Application of diamond nitrogen vacancies for quantum computing, communication and sensing requires robust surface and feature preparation processes. This talk will feature our newly developed etching processes for thinning of diamond membranes while preserving the activity of laser-activated nitrogen-vacancy centres (NVCs). In addition, examples of diamond etching processes for building light manipulating structures via feature creation on surfaces (lenses, photonic crystals) will be shown.

Engineering Diamond Devices for Scalable Quantum Networks
Prof. Jason Smith, Oxford University, UK

Many proposed quantum information systems for communications and computing rely on the efficient transfer of information between optical and spin degrees of freedom. Diamond colour centres are excellent candidates for such interfaces, as they can combine highly coherent spin states coupled selectively to coherent optical transitions. Proof-of-concept experiments with nitrogen-vacancy (NV) centres have shown that spins can be entangled over km distances and quantum information stored for over a minute.

In order to advance towards practical devices, two of the principal challenges are the engineering of diamond materials to allow large scale parallelisation, and the engineering of devices to improve the spin-photon coupling efficiency.

In this talk, I will discuss recent efforts directed at both of these challenges, focusing on the controlled writing of colour centres into diamond and the construction of optical microcavity devices to control spontaneous emission.

Meet the Presenters

Matthew Markham

Dr Matthew Markham
Principal Scientist, Element Six Ltd. Global Innovation Centre, UK

Matthew is a Principal Scientist leading Element Six’s Diamond Quantum Technologies programme. Matthew received his master degree in physics from the University of Southampton in 2004 followed by completing a PhD in nanostructured semiconductors also while at Southampton in 2006. Then, in 2007, he joined Element Six to pursue a career as an industrial scientist. Initially, Matthew worked on a range of projects including fundamental diamond synthesis, diamond power electronics and diamond quantum technologies.

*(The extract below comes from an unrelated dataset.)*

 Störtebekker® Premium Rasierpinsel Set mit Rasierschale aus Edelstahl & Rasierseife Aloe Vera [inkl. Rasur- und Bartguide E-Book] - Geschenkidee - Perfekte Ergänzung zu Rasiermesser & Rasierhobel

He now focuses his research and development efforts on commercialisation of diamond quantum technologies and has managed a range of successful collaborative research projects with many academic and industrial partners around the world. The results of his work and collaborations have culminated in over 15 patents and over 50 academic papers in the field of quantum technologies.

Colin Welch

Colin Welch
Principal Applications Engineer, Oxford Instruments Plasma Technology

Colin specialises in dry etching techniques (ICP and RIE) and has a wide range of experience in the etching of silicon, oxides, metals, polymers, novel materials and etching for nanotechnology. Among his current interests are diamond processing for Quantum computing and sensors, and R&D into chemical etching for Magnetic Tunnel Junctions (MTJ).

His experience in this industry totals over 28 years. He holds an MA degree in Chemistry from the University of Oxford and an MSc degree in Electronic Materials and Devices from the University of Greenwich.

Jason Smith

Professor Jason Smith
Professor of Photonic Materials & Devices, Oxford University, UK

Jason completed his DPhil in Condensed Matter Physics at the Clarendon Lab in 1997, and after postdocs in S. Korea and Edinburgh, he returned to Oxford as a lecturer in the Department of Materials in 2004.

His research has meandered from high-pressure semiconductor electronics to single photon detectors and nanomaterials, and for the past 10 years, he has found focus on controlled light-matter interfaces for quantum technologies.

Since 2015 he has led the effort towards diamond qubits within the UK Quantum Technologies programme and has collaborated with Oxford Instruments Plasma Technologies and Element Six in the fabrication of diamond quantum devices.